The 11-minute documentary will be distributed to schools, safety organizations and government agencies, AT&T said. The company told the newspaper that it is releasing the film before the new year, timing it to coincide with the holiday and send the message that texting while driving is as dangerous as drunk driving.
The film includes footage of Mariah West, who died at 18 after she crashed her car while trying to send a text message that read “Where u at.” West appears in the documentary during her last minutes alive on a breathing tube, accompanying other often disturbing footage the documentary uses to instill the real danger that can come of texting while driving.
“We want this to be in every school in the country and for teenagers to know a text message is not worth a life,” said Gail Torreano, a senior vice president with AT&T.
Drivers who text while operating their vehicle are 23 times more likely to crash, according to statistics from the Virginia Tech Transportation Institute. David Teater, the senior director of transportation initiatives at the National Safety Council said in an interview that he applauded the efforts wireless providers to warn consumers against texting while driving, including Verizon Wireless, which has also launched initiatives to warn against the risk.
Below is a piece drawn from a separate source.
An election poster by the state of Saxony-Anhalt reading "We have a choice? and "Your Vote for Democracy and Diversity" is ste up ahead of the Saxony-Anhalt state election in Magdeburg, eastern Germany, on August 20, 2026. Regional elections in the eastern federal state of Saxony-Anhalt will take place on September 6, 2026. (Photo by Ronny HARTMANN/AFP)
The Governor’s Highway Safety Association reports that 30 states as well as Washington, D.C. have passed laws that ban texting while driving, meaning that car insurance premiums for drivers in those states can increase if they are caught texting while occupying the drivers seat. The National Highway Traffic Safety Administration found that there were 30,797 fatal traffic accidents in 2009, many of which could have been avoided if not for cell phone distractions.